It was a typical Thursday morning. I took a left turn into my neighborhood, steaming hot coffee in my cup holder, as I pondered the research report I needed to edit.
And there she was, crossing the street—in my suit.
The woman crossing the street had my old business suit on, one I recently donated in a drive to clothe women in need who were trying to support families. She was coming from the apartments near my home that house quite a few low-income families and refugees.

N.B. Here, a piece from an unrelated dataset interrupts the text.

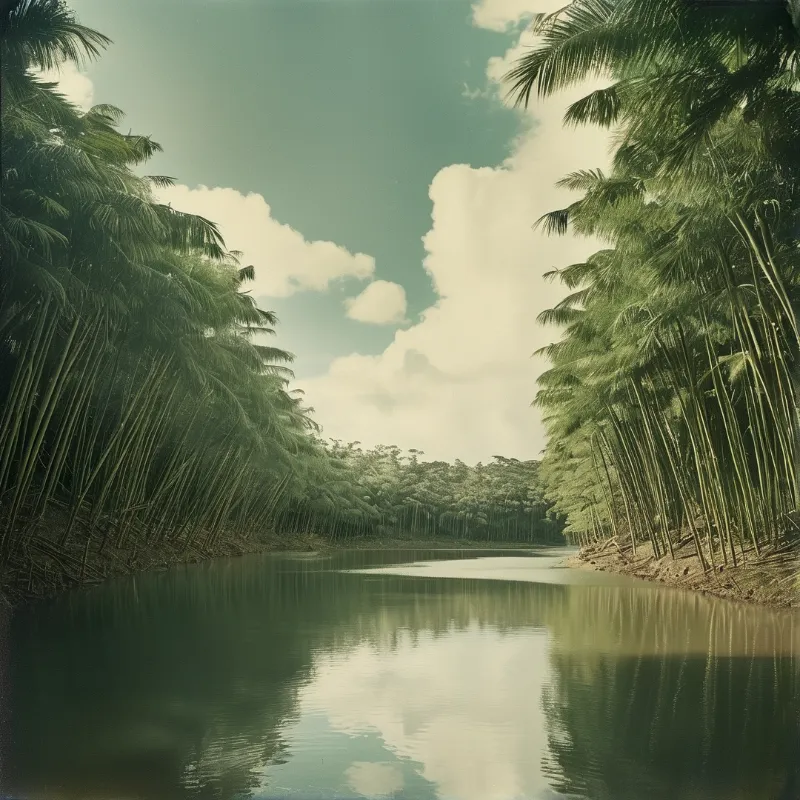 Slender green canes arch over still water on both banks, their reflections broken only by a pale bank of cumulus cloud.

That suit was not inexpensive and different enough from the norm to be easily recognizable. I’d finally purged it from my closet, knowing if I hit that suit size ever again it would be an act of God. It was the first “real” ensemble I bought myself in Chicago—in the designer department at Marshall Field’s on State Street. The price tag made me gasp at the time. But, that suit saw me through oh-so-many occasions.

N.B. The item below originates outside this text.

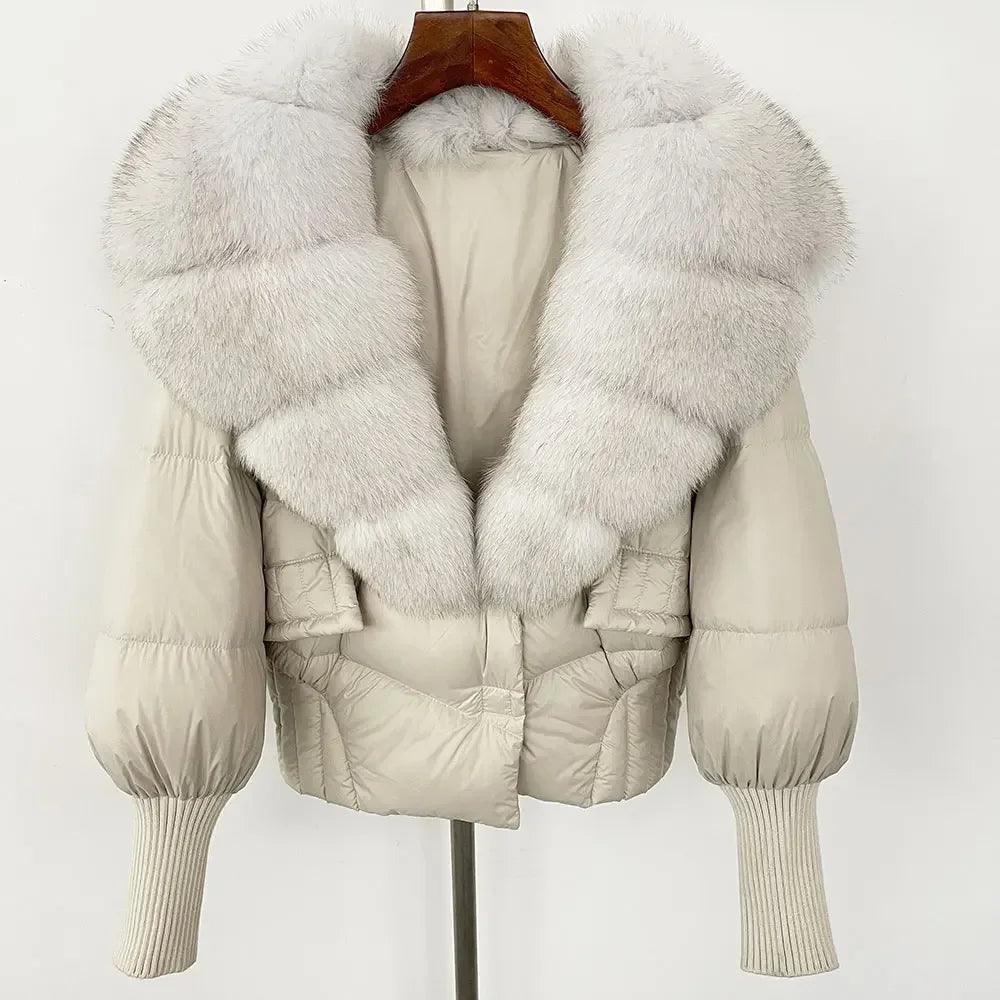 Winter girls jacket with real raccoon fox fur loose fit coat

Weekly breakfast meetings with my colleague and the ad agency at the Ritz Carlton. After-work holiday parties at some swanky restaurant or another. Interviews in which I tried hard not to show how very nervous I was. Lunch dates with suitors I thought might be “the one.” There was at least a decade of living in that suit and it looked none the worse for wear.
The woman wearing it this morning—well, she looked magnificent. Smiling and seemingly feeling like a million bucks. I will admit that a single tear rolled down my cheek after I saw her. She gave a backward glance at her kids, who were waiting for the bus outside the apartment complex. And she headed toward the public bus stop. I’m hoping she was dressed for a job interview that she nailed.
I wanted to roll down the window and shout: “You’ll do great! That suit has never let me down.” But I didn’t, of course. The mojo was now hers. No need to remind her it was once someone else’s.
It was not easy for me to part with that darned suit. I remember standing in my closet, thinking how foolish it was that I was holding onto an item of clothing that could be bringing someone else joy. And, silly as it may sound, I wished that joy upon whoever ended up with it as I placed it in the donation bag.
So, thank you, Universe. For showing me the joy in that woman’s face this morning. Most of us don’t get to see where our good intentions land. I’m here to tell you—it was beautiful.